Many opportunities to mess this one up without some professional guidance.
And potential rewards for a quality job. 
A typical top end humidor for 25 cigars goes for around $150.


----------



## Woodbum (Jan 3, 2010)

Build the exterior box of your humidor with your choice of wood, domestic or exotic, and then line the interior with Spanish Cedar. I use 5/16 - 3/8 resawn material (depending on the overall size of the chest) for the lining walls and 1/8- 1/4 for the bottom and the top lining. Build the box as ornate or as simple as you want, but make sure the inerior lining is pretty airtight. I use a mating rule joint between the lid lining and the body lining. I use no metal in the interior lining, and friction fit all of the joints with no glue so that they can move a little. Use a Humistat for keeping the cigars at 70% humidity and a hygrometer to measure the humidity. I make all of the trays and dividers with spanish cedar too. Spanish cedar has been used traditionally to repel a tobacco boring beetle that will ruin cigars, but I feel that it also imparts a very pleasant aroma to the puros kept in the humidor.

$150 for a well constructed cigar chest might be a little light, but price your work according to your pricing and marketing method. I have sold commissioned humidors for $450 -$600 and higher for custom one off designs built with high end exotics and solid brass hardware from Brusso ( IMHO-the best).
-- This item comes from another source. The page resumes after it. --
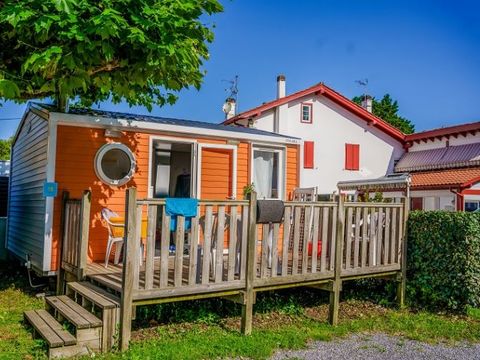 MOBILHOME 2 personnes - MENDIA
I have also sold "pallet wood" units with lower end hardware or wooden hinges etc for as low as $150 or less. Check out the units being sold in cigar shops for $200-$400. They are just veneered spanish cedar if you are lucky, or mahogany or even mystery wood (even baltic birch ply!) with a high gloss spray on finish that looks splashy. Often they have no hygrometer and use cheap hardware. A quality solid wood, lined humidor will fetch a price that you can actually make a little money on. Even with expensive exotics, the materials in the small quantites necessary is relatively cheap. It is the hardware and humidifying instruments that will drive the price.

Humidors are fun to build, and you are only limited by your imagination. Right now I have a Darryl Peart/ Greene and Greene inspired humodor on my bench that is a scaled down replica of Darryl's blanket chest. It is built with African Mahogany with ebony plugs and accents. Everything is in miniature form, and the standing proud finger joints in that small size were a real challenge.

With each of my commisssions, I enclose a written "pedigree' of the the materials and methods used so that the new owner can have a history of his possession. As a cigar smoker too, I also add an inexpensive cigar cutter and one of my favorite cigars from my personal humidor. Just added touches that the client talks about to his friends and others who see their cigar chests. It will lead to more commissions.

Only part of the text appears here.